I'll describe my test case in detail, perhaps there's something I don't understand happening.
* I set up a machine with two (fake) NUMA nodes (0 and 1), with 2G of hugepages on node 1, and none on node 0.
* I create a 2G guest using virt-install:
virt-install --name ppc --memory=2048 --disk ~/tmp/tmp.qcow2 --cdrom ~/tmp/ubuntu-16.04-server-ppc64el.iso --wait 0 --virt-type qemu --memorybacking hugepages=on --graphics vnc --arch ppc64le
* I "virsh destroy" and then "virsh edit" to add this block to the guest XML:
<numatune> <memory mode='strict' nodeset='0'/> </numatune>
* "virsh start", and the machine starts (I believe it should fail due to insufficient memory satasfying the policy). * "numastat -p $(pidof qemu-system-ppc64)" shows something like this:
Per-node process memory usage (in MBs) for PID 8048 (qemu-system-ppc) Node 0 Node 1 Total --------------- --------------- --------------- Huge 0.00 2048.00 2048.00 Heap 8.12 0.00 8.12 Stack 0.03 0.00 0.03 Private 35.80 6.10 41.90 ---------------- --------------- --------------- --------------- Total 43.95 2054.10 2098.05
So it looks like it's allocated hugepages from node 1, isn't this violating the policy I set via numatune?
Oh, now I get it. We are doing our best to apply that policy to qemu even when we don't have this option. However, using this works even better (which is probably* what we want). And that's the reasoning behind this.
* I'm saying probably because when I was adding numactl binding to be used together with cgroups, I was told that we couldn't change the binding afterwards and it's bad. I feel like we could do something with that and it would help us in the future, but there needs to be a discussion, I guess. Because I might be one of the few =)
So to recapitulate that, there are three options how to affect the allocation of qemu's memory:
1) numactl (libnuma): it works as expected, but cannot be changed later
2) cgroups: so strict it has to be applied after qemu started, due to that it doesn't work right, especially for stuff that gets all pre-allocated (like hugepages). it can be changed later, but it won't always mean the memory will migrate, so upon change there is no guarantee. If it's unavailable, we fallback to (1) anyway
3) memory-backing-file's host-nodes=: this works as expected, but cannot be used with older QEMUs, cannot be changed later and in some cases (not your particular one) it might screw up migration if it wasn't used before.
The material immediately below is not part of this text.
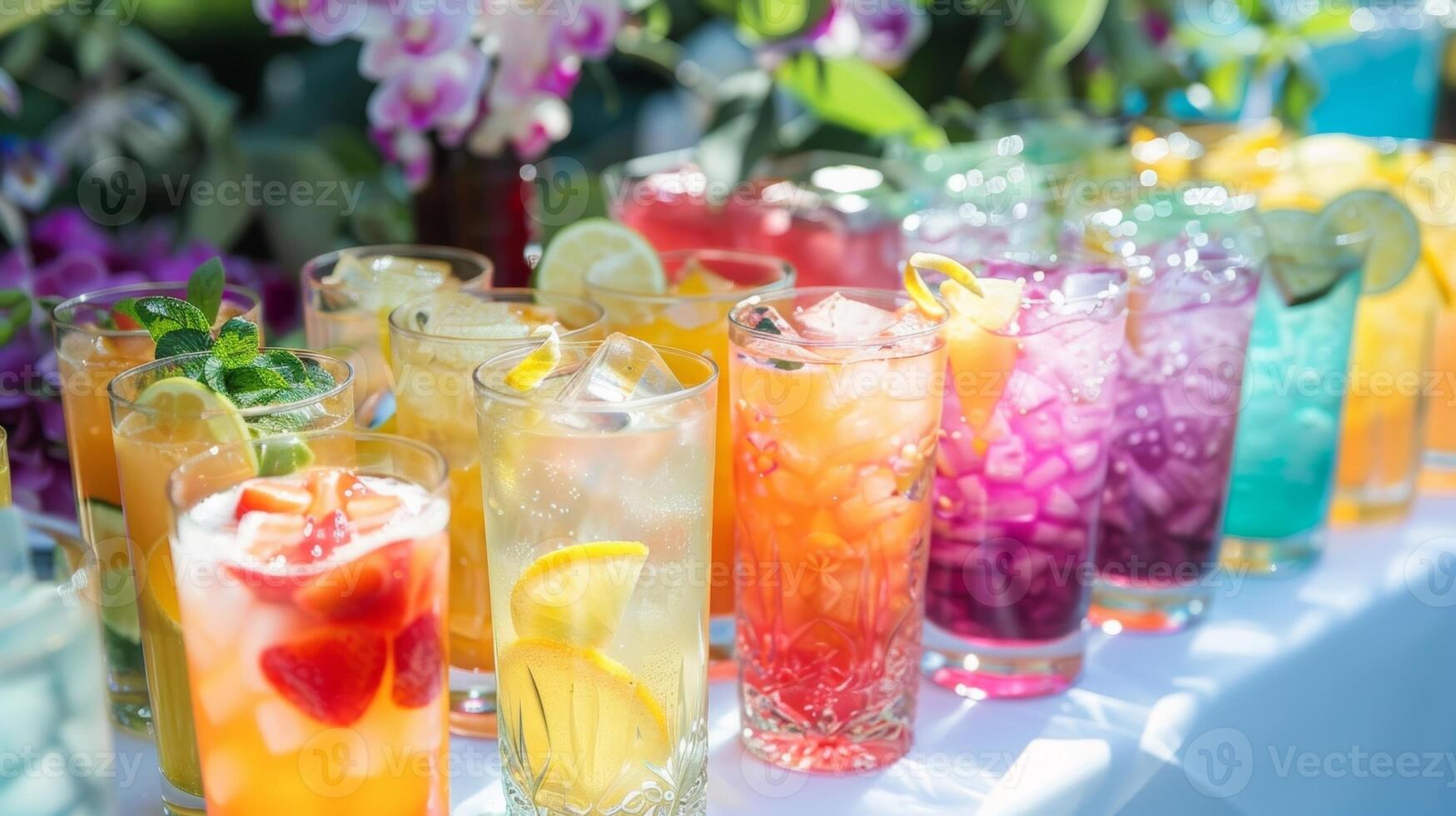 ein Bild von ein Cocktail Bar mit bunt und kreativ nicht alkoholisch Getränke auf Anzeige ermutigend Teilnehmer zu erkunden und genießen Neu Optionen foto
Selecting the best option from these, plus making the code work with every possibility (erroring out when you want to change the memory node and we had to use (1) for example) is a pain. We should really think about that and reorganize these things for the better of the future. Otherwise we're going to get overwhelm ourselves. Cc'ing Peter to get his thoughts as well as he worked on some parts of this as well.
Martin
Thanks for the explanation, and I agree (I'm already a bit overwhelmed!) :-)
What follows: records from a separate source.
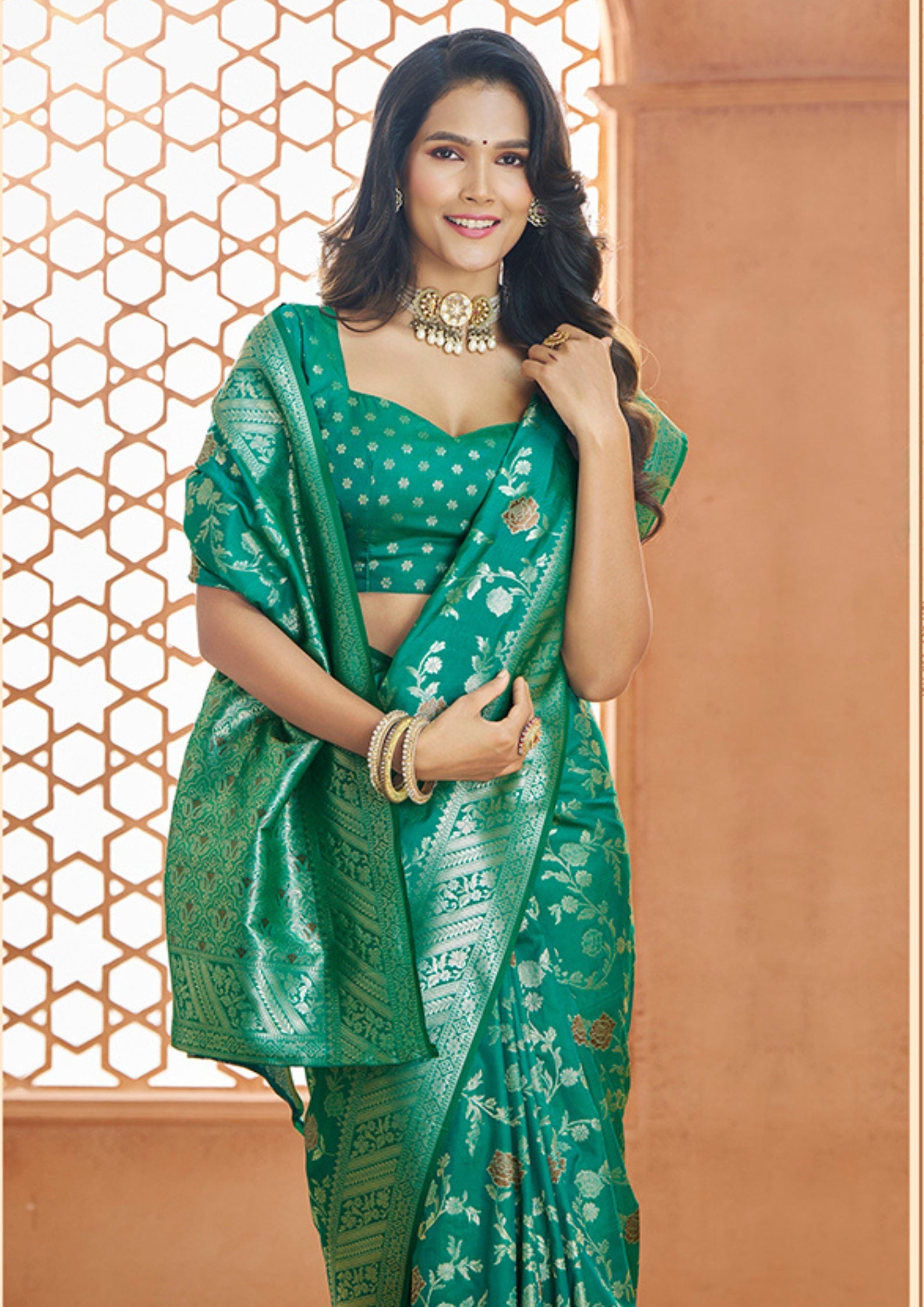 PURE SOFT BANARASI SILK TEAL SAREE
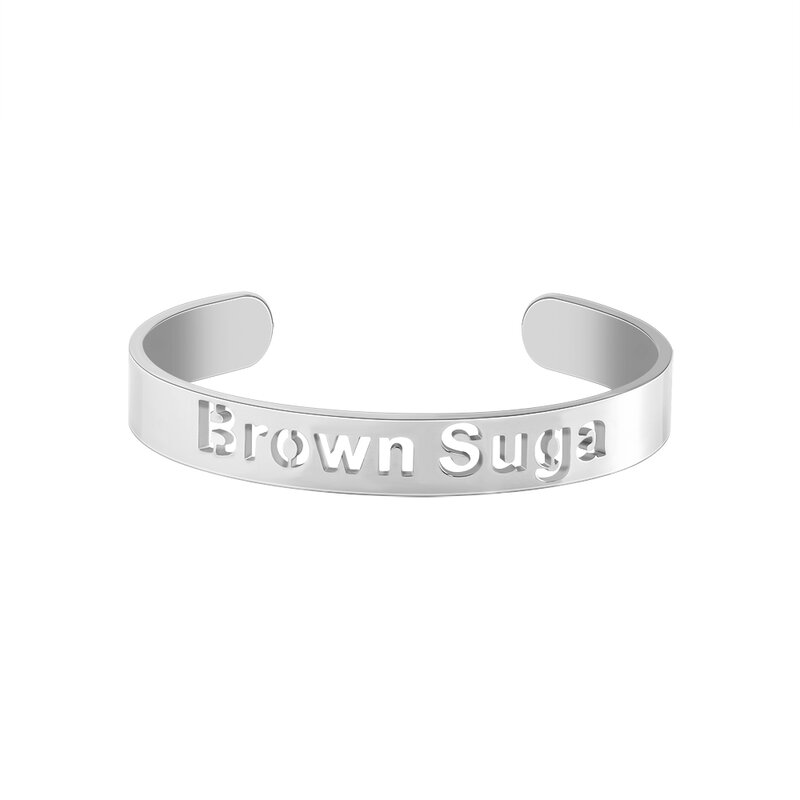 MYLONGINGCHARM  Brown Suga Bracelet 10mm withness Stainless Steel Cuff  Bangle Cutout Brown Suga Bangle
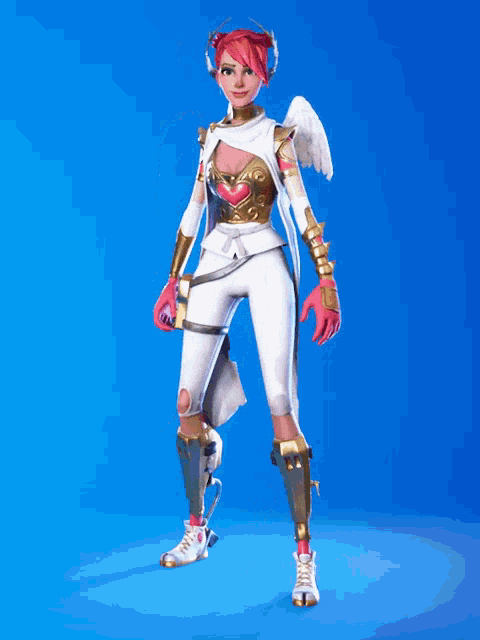 a video game character with wings and a heart on her chest is standing on a blue background
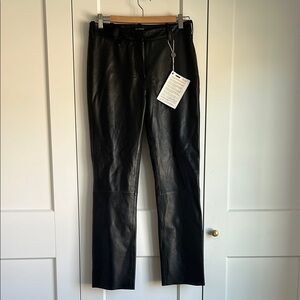 MUUBAA Black Leather Straight Leg Sellers Pants | US 0
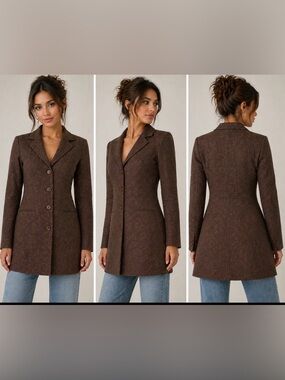 Zara Brown Paisley Tailored Long Blazer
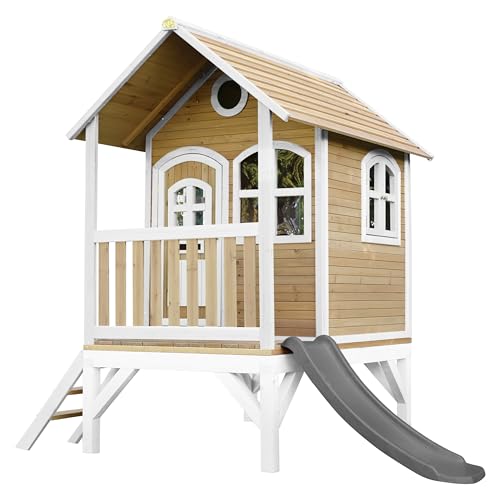 AXI Spielhaus Tom mit Grauer Rutsche | Stelzenhaus in Braun & Weiß aus FSC Holz für Kinder | Spielturm für den Garten.. von AXI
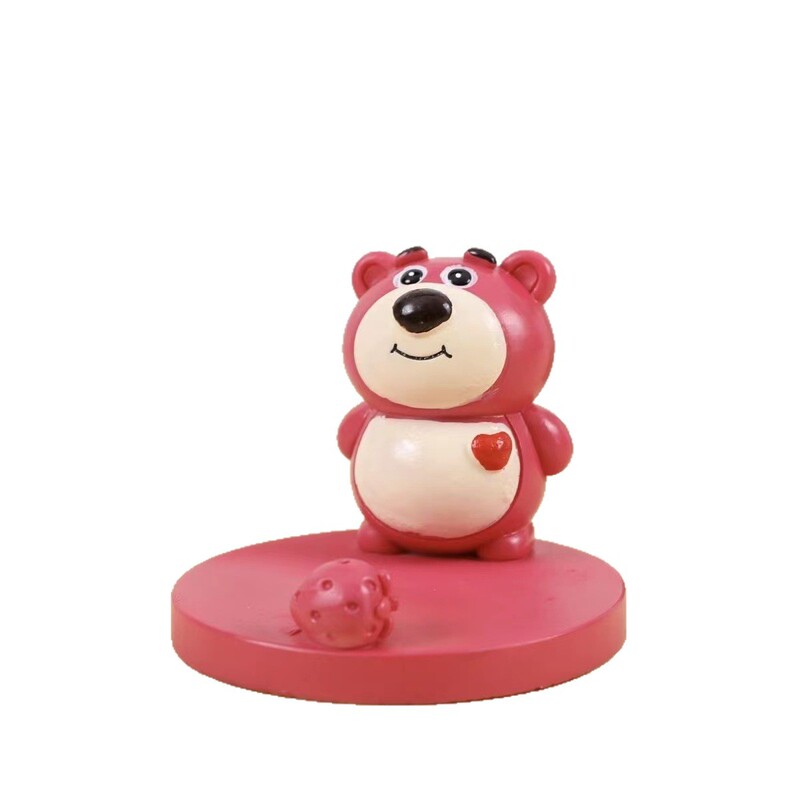 クリエイティブイチゴクマ携帯電話ホルダーデスクトップかわいいピンククマ装飾品タブレットスタンドオフィス携帯電話ホルダー良いもの|undefined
What do you mean by "changed later"? Do you mean, if the domain XML is changed while the machine is running?
E.g. by 'virsh numatune domain 1-2'
I did look at the libnuma and cgroups approaches, but I was concerned they wouldn't work in this case, because of the way QEMU allocates memory when mem-prealloc is used: the memory is allocated in the main process, before the CPU threads are created. (This is based only on a bit of hacking and debugging in QEMU, but it does seem explain the behaviour I've seen so far.)
But we use numactl before QEMU is exec()'d.
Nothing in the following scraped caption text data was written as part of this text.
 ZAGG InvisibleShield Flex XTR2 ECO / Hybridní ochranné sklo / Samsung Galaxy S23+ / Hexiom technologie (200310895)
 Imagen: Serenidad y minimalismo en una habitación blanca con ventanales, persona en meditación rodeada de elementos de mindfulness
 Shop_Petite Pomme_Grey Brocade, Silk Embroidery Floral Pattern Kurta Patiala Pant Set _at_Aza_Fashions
If this is the case, it would seem to be a significant problem: if policy is set on the main thread, it will affect all allocations not just the VCPU memory and if it's set on the VCPU threads it won't catch the pre-allocation at all. (Is this what you were referring to by "it doesn't work right"?)
Kind of, yes.
That was my reasoning for trying to use the backend object in this case; it was the only method that worked and did not require changes to QEMU. I'd prefer the other approaches if they could be made to work.
There is a workaround, you can disable the cpuset cgroup in libvirtd.conf, but that's not what you want, I guess.
I think QEMU could be altered to move the preallocations into the VCPU threads but it didn't seem trivial and I suspected the QEMU community would point out that there was already a way to do it using backend objects. Another option would be to add a -host-nodes parameter to QEMU so that the policy can be given without adding a memory backend object. (That seems like a more reasonable change to QEMU.)
I think upstream won't like that, mostly because there is already a way. And that is using memory-backend object. I think we could just use that and disable changing it live. But upstream will probably want that to be configurable or something.
Cheers, Sam.

On Fri, Oct 14, 2016 at 10:19:42AM +0200, Martin Kletzander wrote:
On Fri, Oct 14, 2016 at 11:52:22AM +1100, Sam Bobroff wrote:
On Thu, Oct 13, 2016 at 11:34:43AM +0200, Martin Kletzander wrote:
On Thu, Oct 13, 2016 at 11:34:16AM +1100, Sam Bobroff wrote:
On Wed, Oct 12, 2016 at 10:27:50AM +0200, Martin Kletzander wrote:
On Wed, Oct 12, 2016 at 03:04:53PM +1100, Sam Bobroff wrote:
At the moment, guests that are backed by hugepages in the host are only able to use policy to control the placement of those hugepages on a per-(guest-)CPU basis. Policy applied globally is ignored.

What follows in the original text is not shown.